In perhaps the most widely known incident, Mr. Salisbury was recording a surging mass of protesters, one of whom had a pink umbrella. A police officer lunged to grab the umbrella.

“That was a real flash point, a real change in the protest, right there,” Mr. Salisbury recalled. “People started fighting over the umbrella, and then officers started spraying mace. I got sprayed, other people all around me were getting sprayed, and then the police threw flashbangs that you can hear erupting all around.”

In the aftermath of CHOP, Mr. Salisbury sees some changes as significant. Former Police Chief Carmen Best resigned amid the protest, and Ms. Durkan has opted not to seek reelection. The sheriff of King County is now appointed rather than elected. State lawmakers in Olympia have taken up the issue of police reform and passed two key bills.

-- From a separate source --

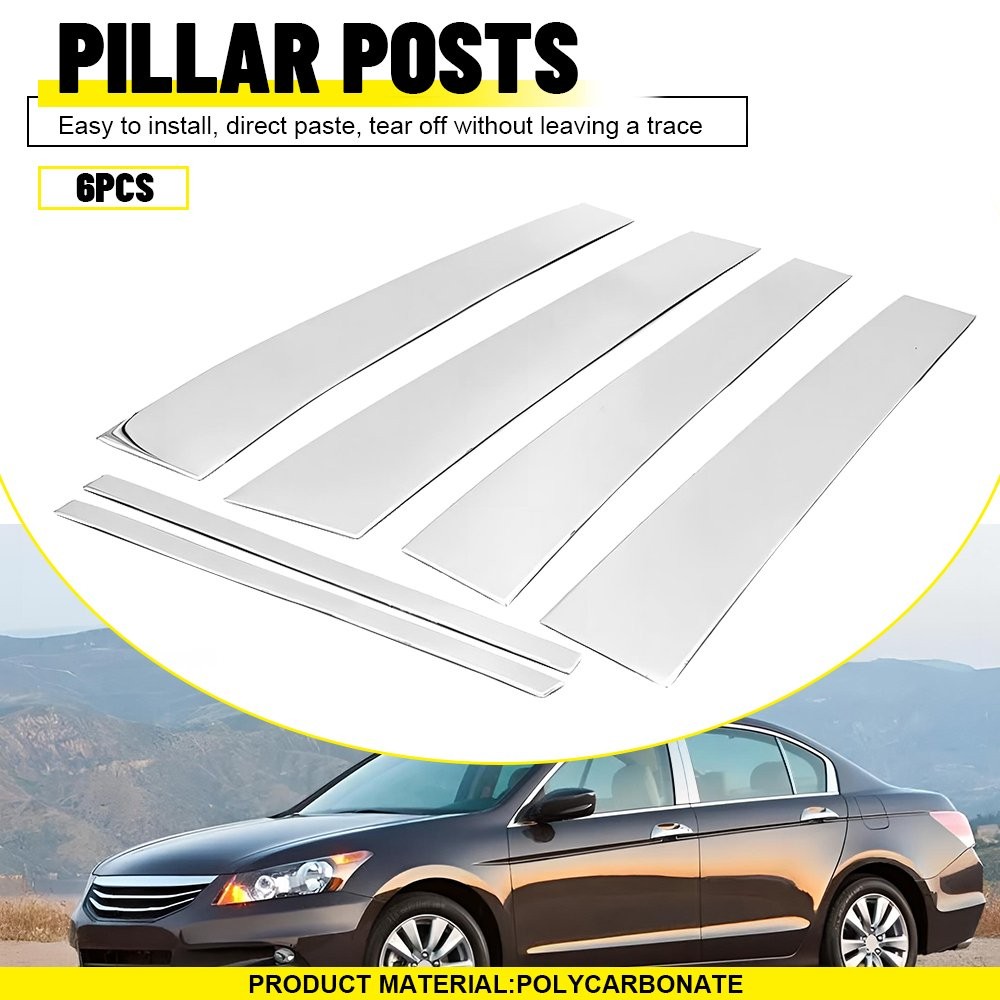 Stainless Steel Chrome Window Pillar Post Trim 6PC For 08-12 Honda Accord Sedan^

Meanwhile, at Converge Media, Mr. Salisbury’s website, stories focus on uplift and events in the Black community, along with celebratory pieces on local artists of color. There are political stories, too, but the overall tone of Converge is one of Black success rather than seething.

Mr. Salisbury says he’s not really interested in accolades. Instead, he wants to see progress. While torn by some of the violent incidents that occurred in CHOP as well as violence that continues to rear its ugly head in Seattle, the overall direction CHOP pointed toward is a positive one, he says.

“I think a lot of us are still trying to figure out exactly what CHOP meant,” he said. “I think you can make the argument that that was a genuine success with CHOP, if only because it raised awareness and the issues. Things are definitely happening here.”